Micheli, tu parli che con l'ex poliziotto con la pistola in mano c'è il peirocolo reale che "ci scappi il morto"?
Non condivido: il pericolo è che il morto ci resti tra le braccia, come statua alla Biennale.
Comunque, benvenuto fra i qualunquisti che, se solo ci guardiamo in faccia e facciamo massa insieme ai fessi e agli illusi, alla prossima tornata avremo non la maggioranza assoluta, ma quella qualificata così che potremo cambiare la Costituzione: art. 1: L'isola è una repubblica fondata sulla fantasia.

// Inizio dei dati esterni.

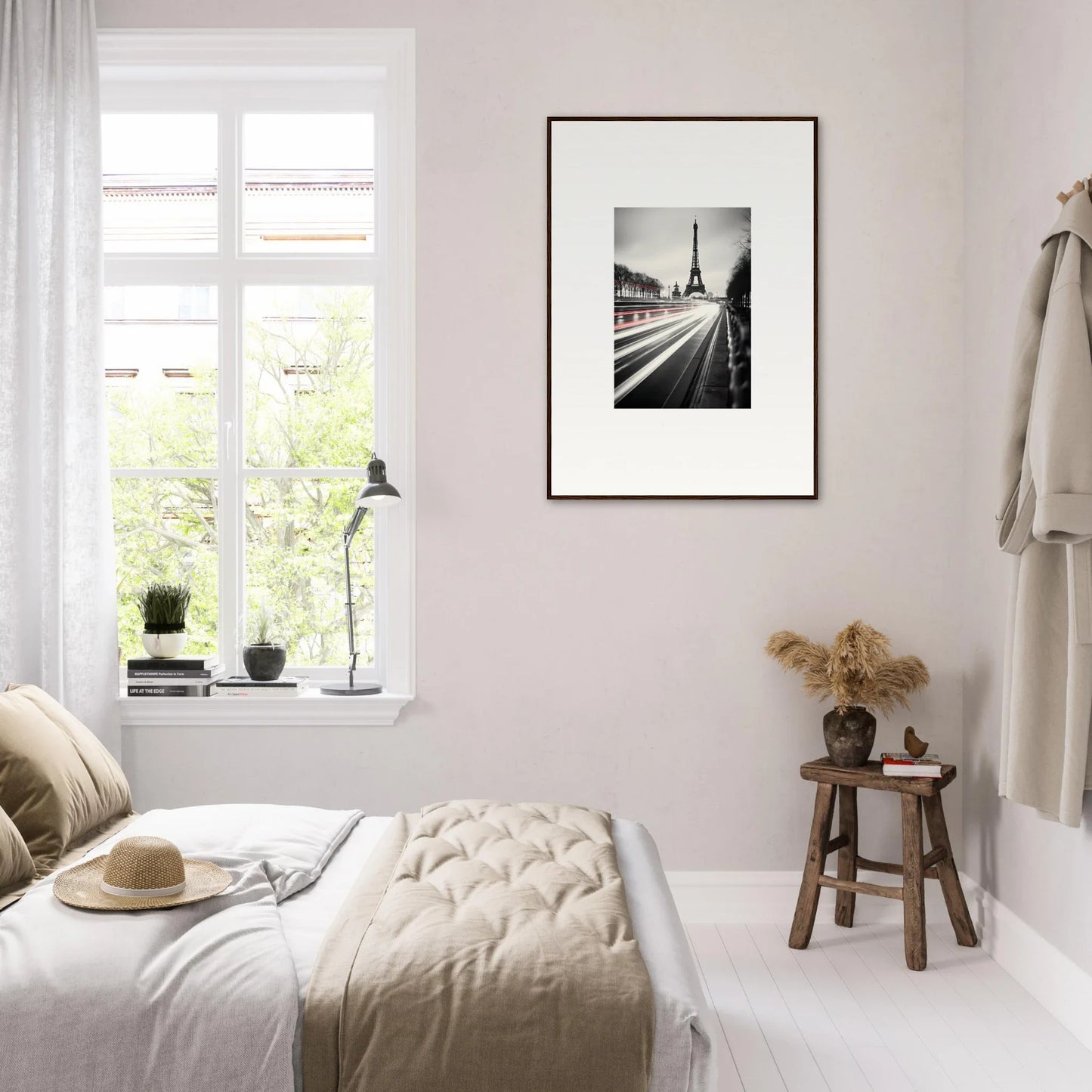 Minimalist bedroom with neutral tones and Eternal Windsweep Halo art featuring Eiffel Tower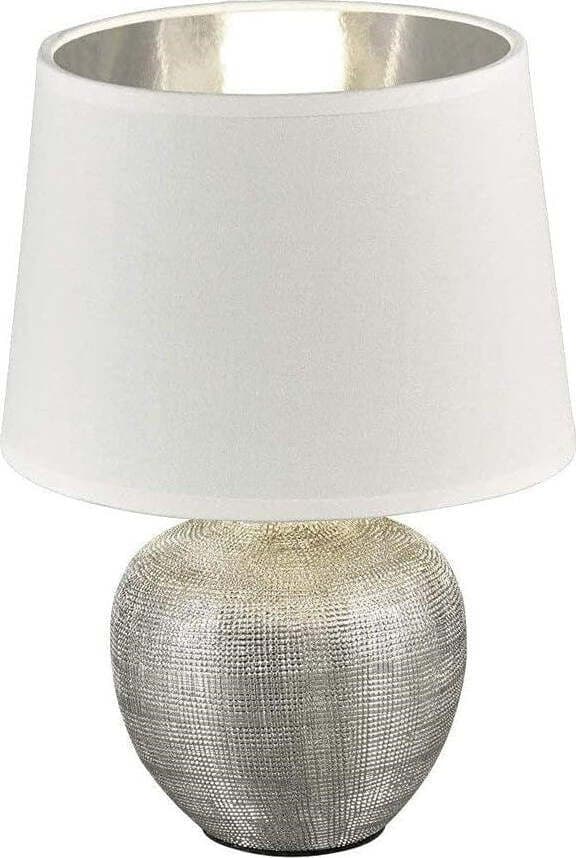 REALITY-LEUCHTEN---LAMPADA-DA-TAVOLO-LUXOR-BASE-CERAMICA-ARGENTO-E-PARALUME-BIANCO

Con questo prenderemo atto della fantasia dei ladri, degli avvocati che li difendono, dei magistrati che l'inquisiscono e dei giudici che non li giudicano, ma li mandano a casa a far le sante quarantore.
Amen.

giovanni ha detto...

Bene la fiaba, la sua morale e soprattutto l'averla raccontata. Perchè a me pare, ma mi posso anche sbagliare, che quando si tratta di università, qui da noi in sardegna, scatta il terrore e il fuggifuggi generale. E così per i lupi o demòni e per questi morti, o moribondi, che ci restano tra le braccia anche quando muoiono all'estero. E condivido pienamente quanto dice francu, modificare la costituzione in tal senso la vedo in discesa; nonostante i lupi o demòni che, anche ad uno sguardo superficiale sulla storia, non hanno mai potuto digerire la parola fantasia.